Menanggapi kisah inspiratif tersebut, Kepala BPJS Kesehatan Cabang Kebumen, Dina Diana Permata, menegaskan bahwa perjuangan Muntakiyah merupakan bukti nyata komitmen JKN dalam memberikan perlindungan kesehatan yang inklusif dan berkesinambungan.
”Program JKN dirancang agar masyarakat bisa mendapatkan akses pelayanan medis yang optimal sesuai indikasi medis tanpa perlu terbebani bayang-bayang biaya. Mulai dari tingkat pertama, rujukan, tindakan operasi, kemoterapi, hingga perawatan intensif di ICU, seluruhnya dijamin sesuai ketentuan,” ujar Dina.
Dina turut mengapresiasi pemanfaatan fitur digital oleh keluarga Muntakiyah. Menurutnya, pemanfaatan aplikasi Mobile JKN merupakan bentuk keberhasilan transformasi layanan digital yang dihadirkan BPJS Kesehatan untuk memberikan kepastian dan kemudahan bagi peserta.
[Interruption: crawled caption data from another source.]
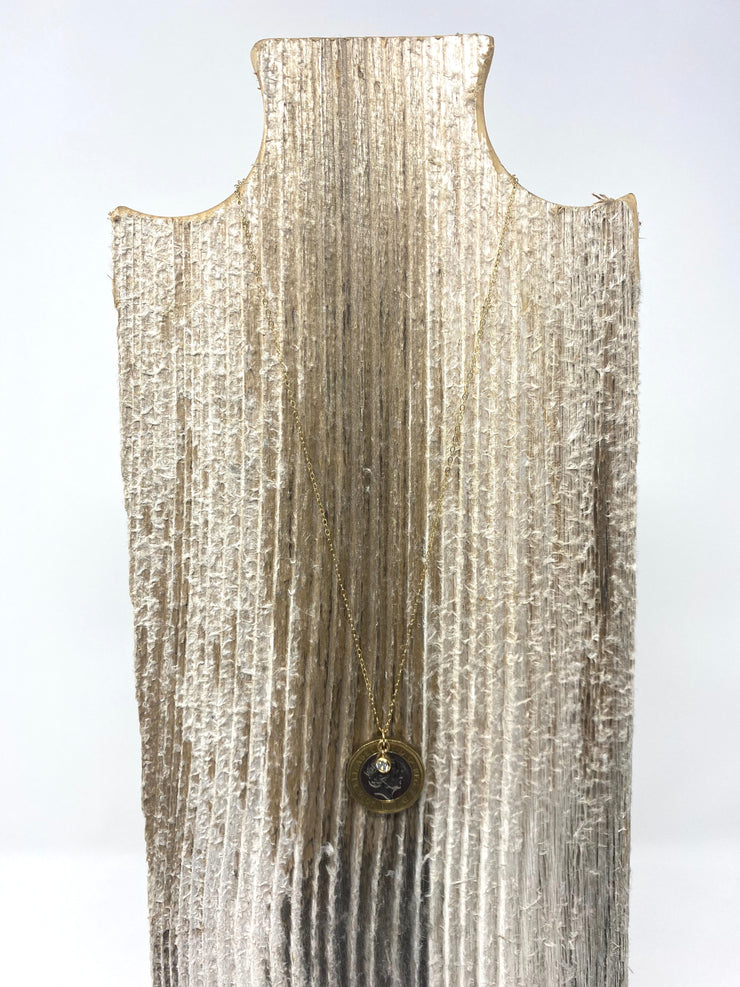 Gypsy Coin Necklace with Swarovski Crystal - Small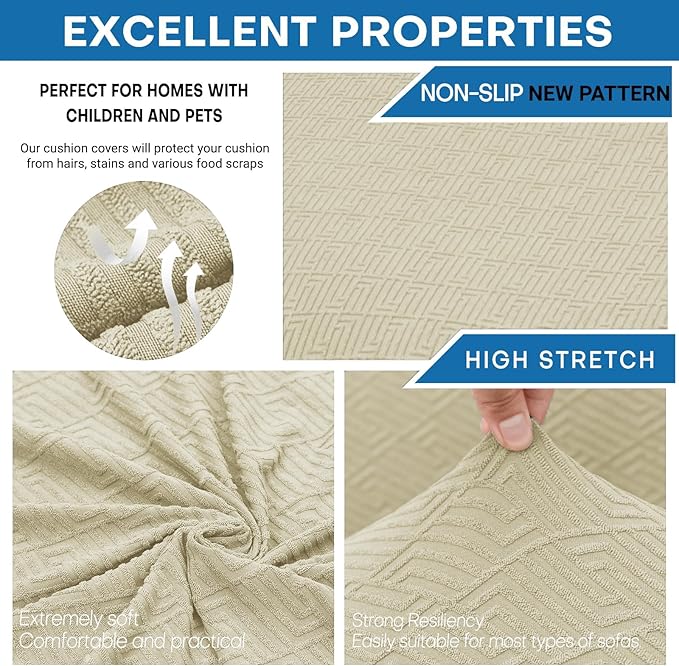 XINEAGE New 3 Pieces Couch Covers for 2 Cushion Sofa Super Stretch Loveseat Slipcover Pet Dog Universal Slip Cover Anti Slip Love Seat Furniture Protector (Light Beige, 55"-69")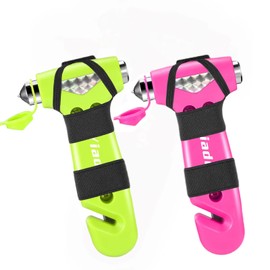 Yiader Car Safety Hammer, 2 Pack Automotive Escape Tool with Car Window Breaker and Seatbelt Cutter, Glass Breaker Car Essentials Emergency Escape Tool for Women（Pink+Green）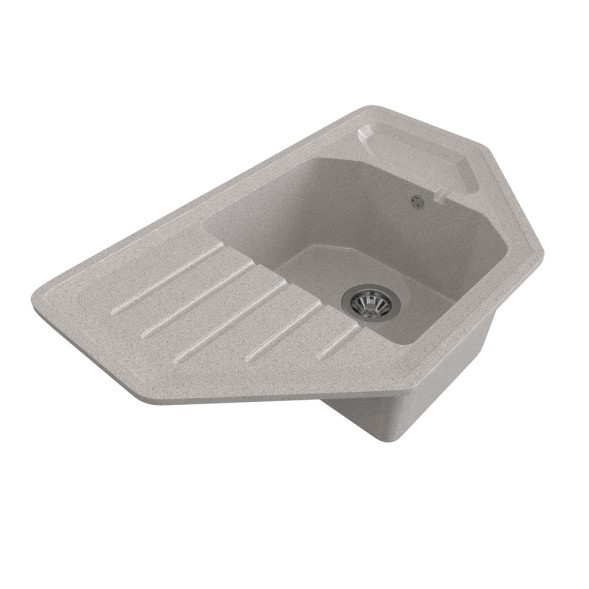 Мойка ML-GMS17 СТАНДАРТ угловая с крылом, светло-серый (310), 780*485*190мм - 00-00002374 
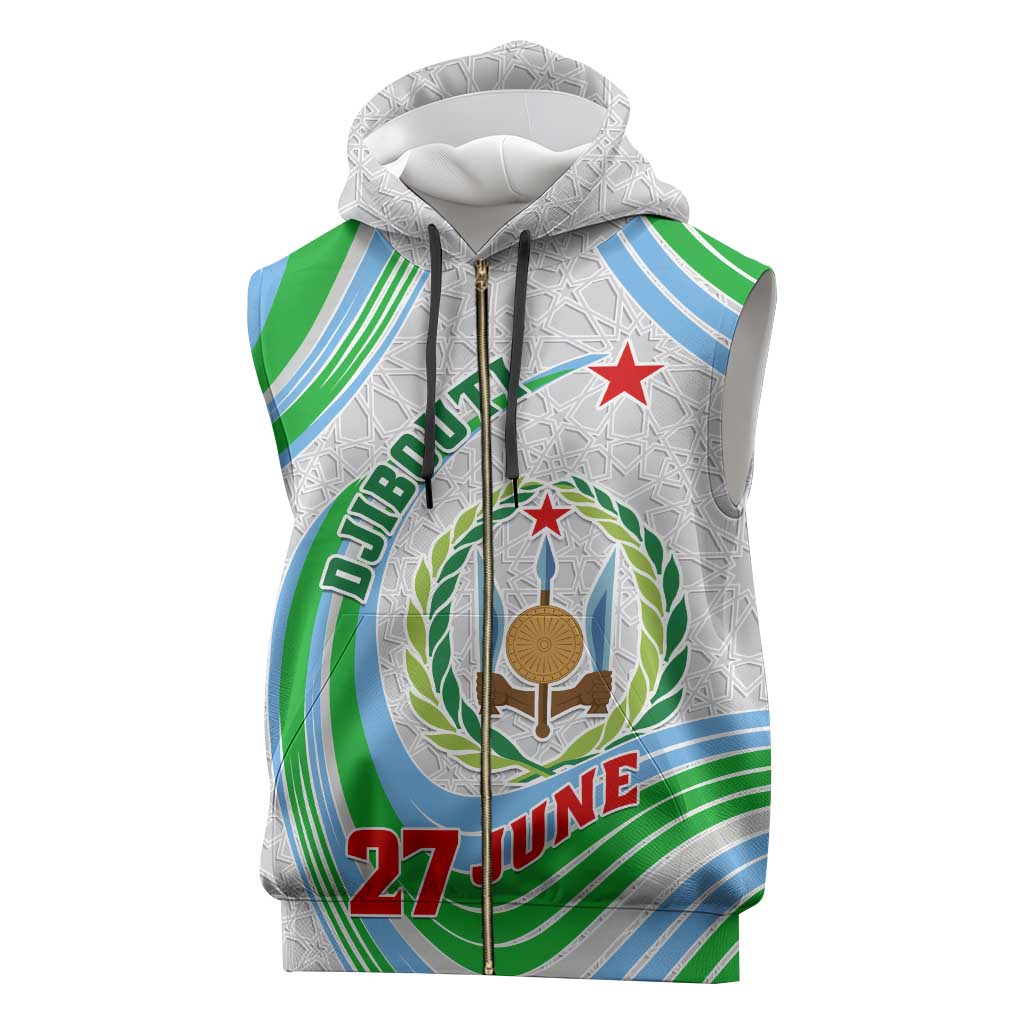 Custom Djibouti Independence Day Sleeveless Zip Hoodie - June 27, Jabuuti Emblem with Islamic Pattern - African Pride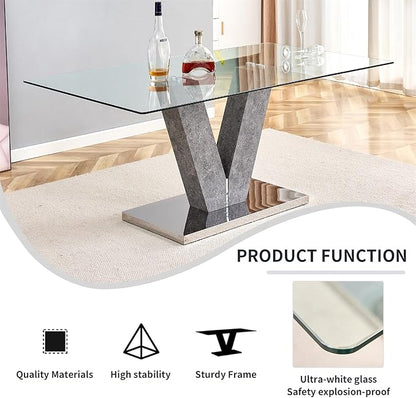 Glass Dining Table for 6-8 People, 71" Kitchen Table Dinner Table, Tempered Glass Top and MDF Base, Dining Table Ideal for Living Room Office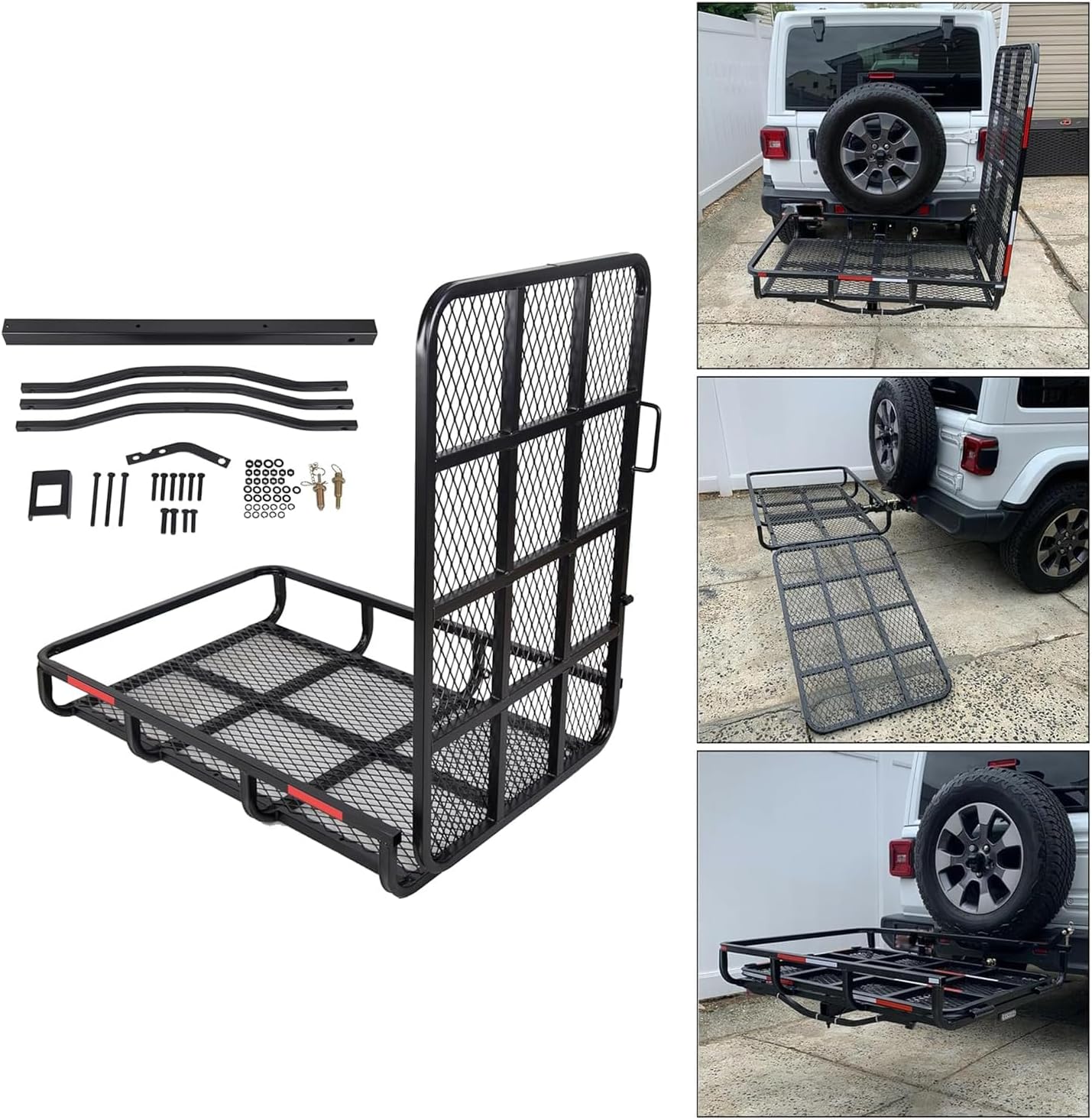 ECOTRIC Hitch Mount Wheelchair Carrier with Mobility Ramp for Wheelchair | Scooter Lawn Mower Snow Blower Hauler 500lb Capacity Basket-Style, 73lbs Weight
”Kami terus berupaya menghadirkan layanan yang makin cepat dan mudah, baik secara langsung di fasilitas kesehatan maupun melalui kanal digital. Dengan fitur antrean online di Mobile JKN, peserta dapat menghemat waktu penanganan. Kami imbau seluruh masyarakat untuk senantiasa memastikan status kepesertaan JKN tetap aktif agar perlindungan kesehatan selalu siap sedia saat dibutuhkan,” tutup Dina.